L’associazione parla di una prassi ormai consolidata che avrebbe un impatto economico rilevante sul settore, stimando complessivamente cifre significative nel corso del tempo. Da qui la richiesta agli inquirenti di verificare se tali somme siano riconducibili a una tariffa ufficiale, a una concessione o a un atto amministrativo valido.

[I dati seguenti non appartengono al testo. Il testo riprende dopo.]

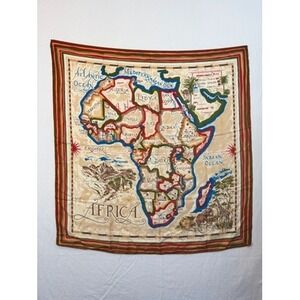 Vintge Richard Allen Silk Scarf Africa Map Print Square Neck Scarf Wild Rag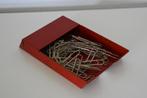 Vintage metalen rood paperclip bakje NVF 60's industrieel, Ophalen of Verzenden, Gebruikt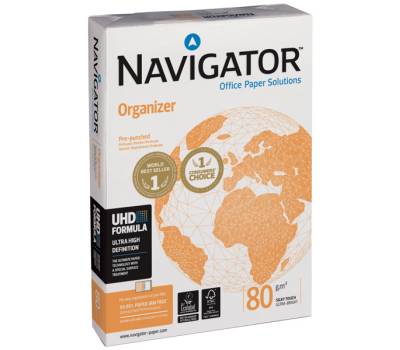 Carta Organizer - 4 fori - A4 - 80 gr - risma 500 fogli - conf. 5 pezzi - Navigator - 88501 - 5602024003200 - DMwebShop - 1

Una situazione che rischia di pesare sulla competitività del servizio
Acncc sottolinea inoltre che, secondo le normative vigenti sull’accesso portuale, gli Ncc sarebbero già soggetti a specifiche autorizzazioni previste dal Codice della Navigazione, senza ulteriori oneri non esplicitati. Il nodo centrale riguarda quindi la legittimità del prelievo e la sua eventuale base regolamentare.
Sul fronte istituzionale, l’Autorità Portuale avrebbe già attivato una richiesta di chiarimenti verso il soggetto concessionario, avviando una verifica interna sulla gestione delle somme contestate. Nella nota, gli operatori parlano di una situazione che rischia di pesare sulla competitività del servizio e chiedono un intervento per ristabilire criteri chiari e uniformi tra tutte le categorie che operano nello scalo.
L’esposto, che sarà depositato nelle prossime ore, punta a far luce sia sulla natura del pagamento sia sull’eventuale esistenza di atti ufficiali che ne giustifichino l’applicazione.